Finalmente, el inventario de emisiones y de planes de financiación se hará en 2018, hasta la COP24, que se celebrará en diciembre en Katowice (Polonia), indicó la resolución final de la COP23.


Un estudio divulgado esta semana alertó de que las emisiones de gases de efecto invernadero, las principales responsables del calentamiento del planeta, han vuelto a aumentar en 2017, un 2%, luego de tres años de relativa estabilidad.


Esta decisión presiona de forma inmediata a los países desarrollados para que aumenten su ambición de aquí a 2020 y posteriormente, se congratuló la red Climate Action Network.


El farragoso trabajo sobre el reglamento del Acuerdo de París, que define entre otros los criterios de control mutuo de emisiones o la transferencia de tecnología, apenas quedó esbozado, con un borrador que podría llegar a centenares de páginas.
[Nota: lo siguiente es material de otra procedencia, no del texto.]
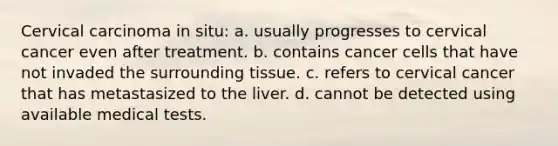 Cervical carcinoma in situ: a. usually progresses to cervical cancer even after treatment. b. contains cancer cells that have not invaded the surrounding tissue. c. refers to cervical cancer that has metastasized to the liver. d. cannot be detected using available medical tests.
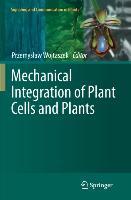 Mechanical Integration of Plant Cells and Plants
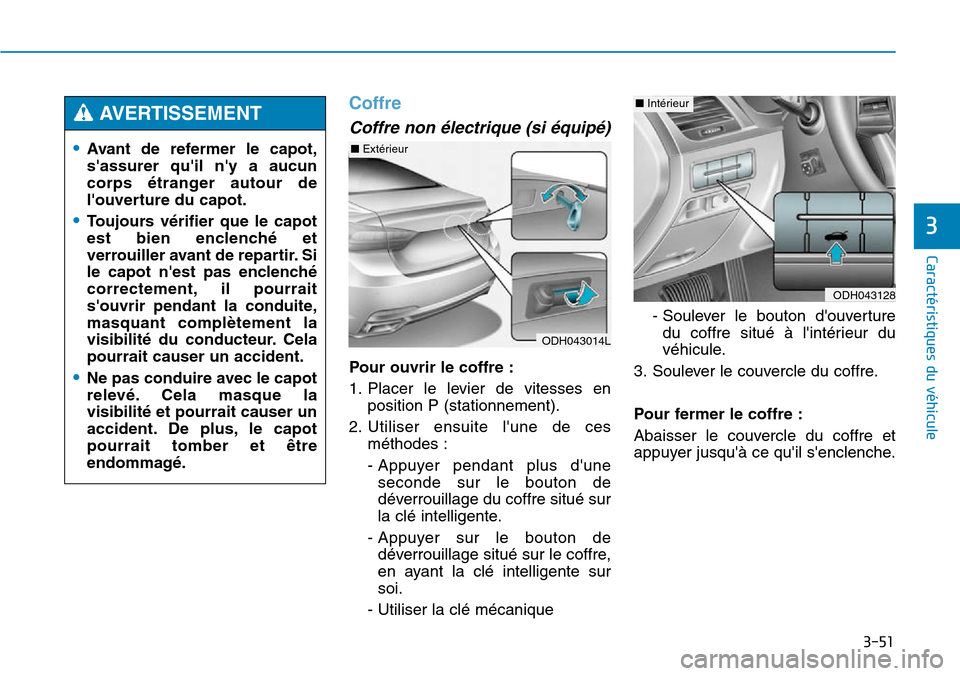 Hyundai Genesis 2015 Manuel du propriétaire (in French) 3-51
Caractéristiques du véhicule
3
Coffre
Coffre non électrique (si équipé)
Pour ouvrir le coffre :
1. Placer le levier de vitesses enposition P (stationnement).
2. Utiliser ensuite lune de ces Hyundai Genesis 2015 Manuel du propriétaire (in French) 3-51
Caractéristiques du véhicule
3
Coffre
Coffre non électrique (si équipé)
Pour ouvrir le coffre :
1. Placer le levier de vitesses enposition P (stationnement).
2. Utiliser ensuite lune de ces
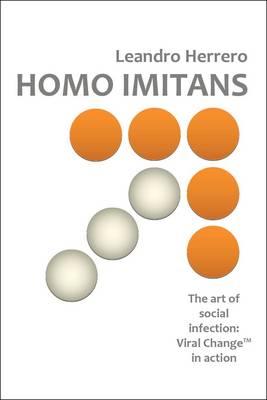 Homo Imitans: The Art of Social Infection: Viral Change in Action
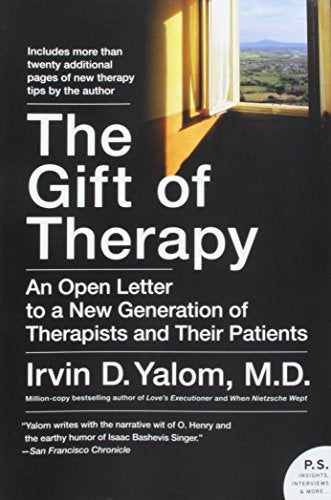 The Gift of Therapy: An Open Letter to a New Generation of Therapists and Their Patients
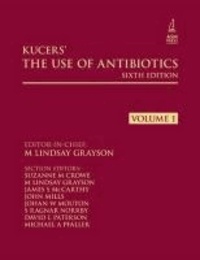 Kucer's The Use of Antibiotics Sixth Edition - A Clinical Review of Antibacterial, Antifungal and Antiviral Drugs.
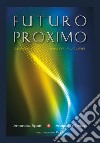 Futuro Proximo. Genesi dell'umanità futura libro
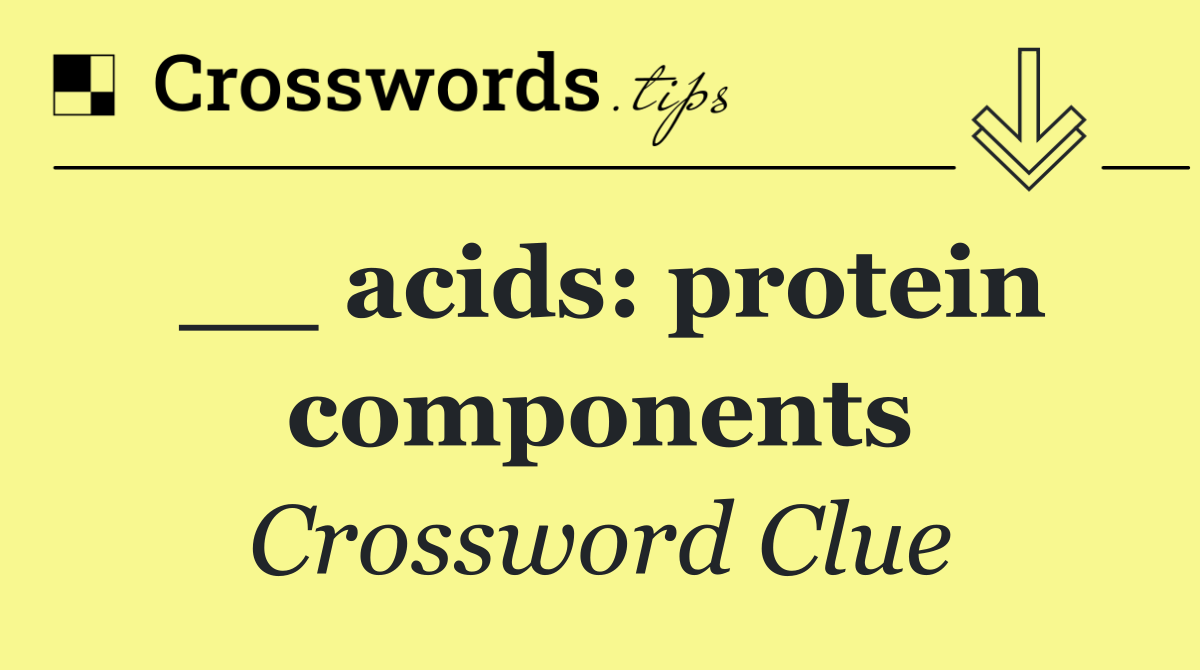 __ acids: protein components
Los negociadores reconocen que necesitarán como mínimo otra sesión de fórceps para aligerar el texto, antes de diciembre de 2018.

 

EXPECTATIVA

Vigilancia mutua

 El principal emisor histórico de CO2 y uno de los mayores financieros de la ayuda climática, Estados Unidos (que abandonará el acuerdo en 2020), asistió a las negociaciones, pero su actitud ha cambiado totalmente desde que el presidente Donald Trump anunciara en junio que abandonará el Acuerdo de París.

 

 La posición de Estados Unidos influencia a los otros países desarrollados, lo que a su vez tiene consecuencias para las posiciones que adoptan la mayoría de países en desarrollo. Todo el mundo se vigila mutuamente, explicó Seyni Nafo, un negociador del grupo de naciones africanas.

 

 A pesar de todo, la delegación estadounidense se comportó constructivamente y de forma neutral, sin perturbar los trabajos, explicó la ministra alemana de Medio Ambiente, Barbara Hendricks.